🧠 You are a founder thinking about taking investment? – Then you should read this to the end
Below is feedback received for a concrete project – from the perspective of an early investor.
It’s direct, unpolished, and works very well as a reality check.
👉 Take it as a set of honest observations, not a final verdict. (it is subjective)
This kind of feedback helps founders see the world through an investor’s eyes: it’s not about a “nice business,” it’s about scale, exits and asymmetric upside. That perspective alone can save a lot of wasted time and misaligned fundraising.

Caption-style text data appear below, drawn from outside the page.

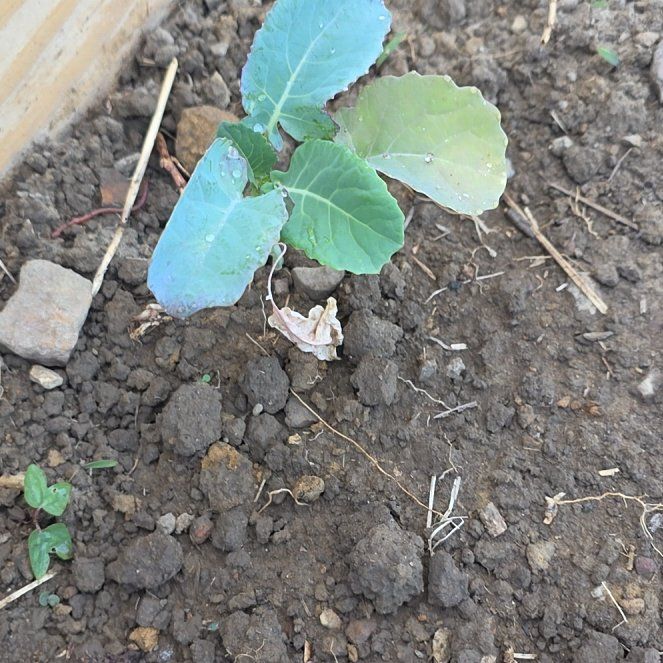 Photo of the plant species Broccoli by @ArtisteOrchid81 named Prince on Greg, the plant care app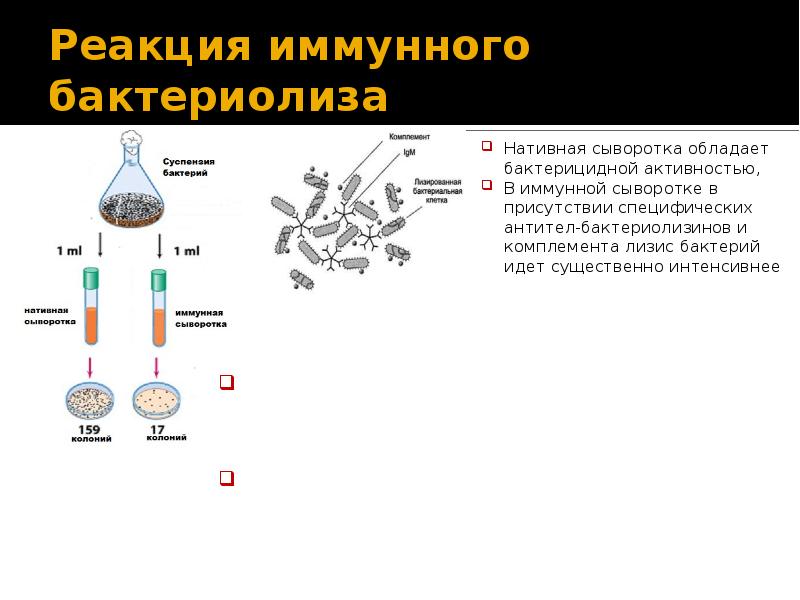 Иммунная реакция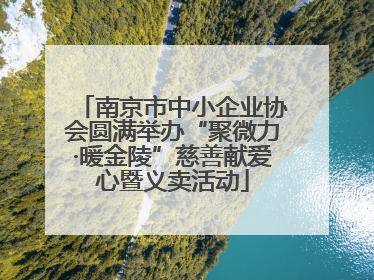 南京市中小企业协会圆满举办“聚微力·暖金陵”慈善献爱心暨义卖活动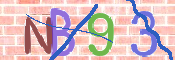 CAPTCHA 驗證圖片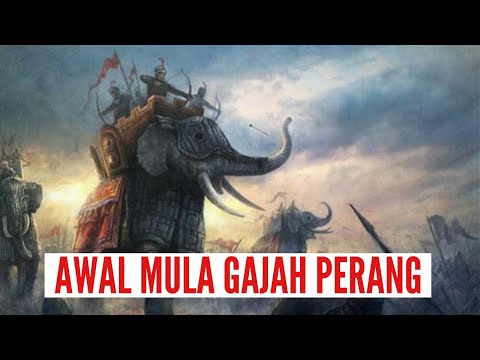 Video: Gajah perang India: deskripsi, sejarah, dan fakta menarik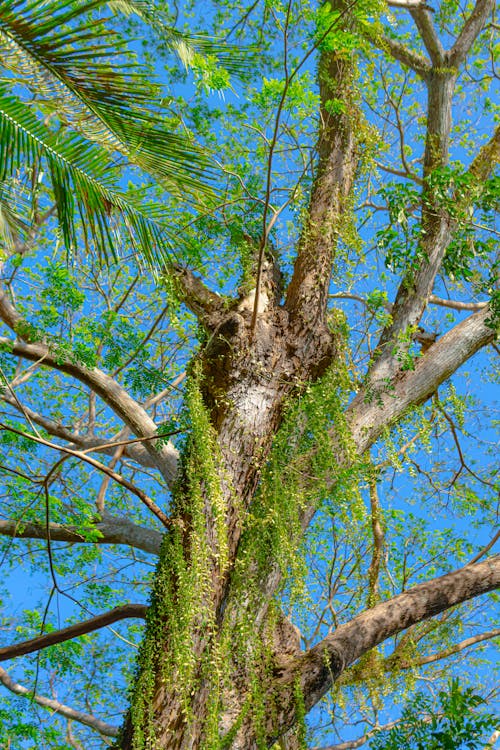 A tree with a green mossy top and blue sky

For a less seasoned investor, it’s a reality check that investing doesn’t automatically mean returns. Most bets fail, percentages don’t justify early risk and without real upside or defensibility, money is often lost. Seeing both sides clearly leads to better decisions – and fewer bad bets.
1. Project profile vs. investments
This type of project is hard to scale and hard to exit.
It requires a lot of capital relative to its real return potential.
It’s not a high-growth bet, so you can’t make multiples (X-returns), only percentages — which don’t justify the risk.
2. The product (the major problem)
The product is not technically distinctive.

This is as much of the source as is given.